A reference train/val/test split is provided.

## Dataset Structure
<hr style='margin-top:-1em; margin-bottom:0' />
The PureForest dataset consists of a total of 135,569 patches: 69111 in the train set, 13523 in the validation set, and 52935 in the test set.
Each patch includes a high-resolution aerial image (250x250) at 0.2 m resolution, and a point cloud of high density aerial Lidar (10 pulses/m², ~40pts/m²).
Band order is Near Infrared, Red, Green, Blue. For convenience, the Lidar point clouds are vertically colorized with the aerial images.

Lidar and imagery data were acquired over several years in distinct programs, and consequently they are asynchrone: depending on the location, up to 3 years might separate them. 

Lidar points clouds            |  Aerial imagery
:-------------------------:|:-------------------------:
![](./imagery_18_classes.png)  |  ![](./lidar_18_classes.png)

## Annotations
<hr style='margin-top:-1em; margin-bottom:0' />
Annotation were made at the forest level, and considering only monospecific forests. A semi-automatic approach was adopted in which pure forest polygons
were selected and then curated by expert photointerpreters from the IGN. The annotation polygons came from the [BD Forêt](https://inventaire-forestier.ign.fr/spip.php?article646), 
a forest vector database of tree species occupation in France. Ground truths from the F[rench National Forest Inventory](https://inventaire-forestier.ign.fr/?lang=en) 
were also used to improve the condidence in the purity of the forests.

| Class | Train (%) | Val (%) | Test (%) |
|-------|------------:|----------:|-----------:|
**(0) Deciduous oak**|22.92%|32.35%|52.59%
**(1) Evergreen oak**|16.80%|2.75%|19.61%
**(2) Beech**|10.14%|12.03%|7.62%
**(3) Chestnut**|4.83%|1.09%|0.38%
**(4) Black locust**|2.41%|2.40%|0.60%
**(5) Maritime pine**|6.61%|7.10%|3.85%
**(6) Scotch pine**|16.39%|17.95%|8.51%
**(7) Black pine**|6.30%|6.98%|3.64%
**(8) Aleppo pine**|5.83%|1.72%|0.83%
**(9) Fir**|0.14%|5.32%|0.05%
**(10) Spruce**|3.73%|4.64%|1.64%
**(11) Larch**|3.67%|3.73%|0.48%
**(12) Douglas**|0.23%|1.95%|0.20%

## Data Splits
<hr style='margin-top:-1em; margin-bottom:0' />
The polygons were sampled in southern France due to the partial availability of the Lidar data at the time of dataset creation. 
They are located in 40 distinct French administrative departments, covering a large diversity of territories and forests.
To define a common benchmark, we divided the data into train, validation, and test sets, with a stratification on semantic labels. 
Annotation polygons are scattered across southern France, leading to a good geographical diversity within each semantic class. 
To account for the high spatial autocorrelation, the split is performed at the annotation polygon level: 
each forest exclusively belongs to either the train, validation, or test set.  
This makes PureForest suitable to evaluate the territorial generalization of classification models. 
We aimed for a 70%-15%-15% split across the train, validation, and test sets, respectively.
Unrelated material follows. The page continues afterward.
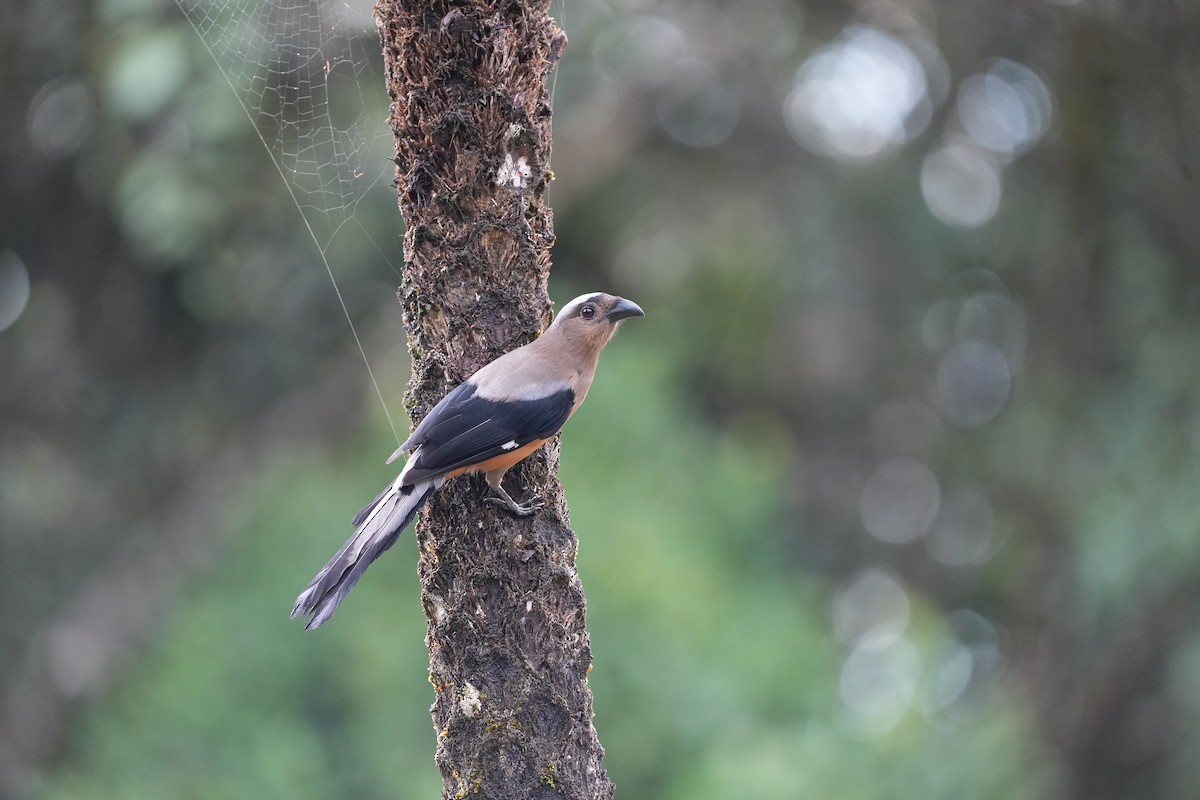 Bornean Treepie - ML620778784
Approximate positions of forests in PureForest

![](./dataset_extent_map.excalidraw.png)

## Citation
<hr style='margin-top:-1em; margin-bottom:0' />
Please include a citation to the following article if you use the PureForest dataset:
```
@article{gaydon2024pureforest,
      title={PureForest: A Single-label Lidar Benchmark Dataset for Tree Species Classification}, 
      author={Charles Gaydon and Rémi Pas and Daniel Mijalcevic and Floryne Roche},
      year={2024},
      doi={TBD},
}
```


## Dataset license
<hr style='margin-top:-1em; margin-bottom:0' />
The "OPEN LICENCE 2.0/LICENCE OUVERTE" is a license created by the French government specifically for the purpose of facilitating the dissemination of open data by public administration.<br/>
This licence is governed by French law.<br/>
This licence has been designed to be compatible with any free licence that at least requires an acknowledgement of authorship, and specifically with the previous version of this licence as well as with the following licences: United Kingdom’s “Open Government Licence” (OGL), Creative Commons’ “Creative Commons Attribution” (CC-BY) and Open Knowledge Foundation’s “Open Data Commons Attribution” (ODC-BY).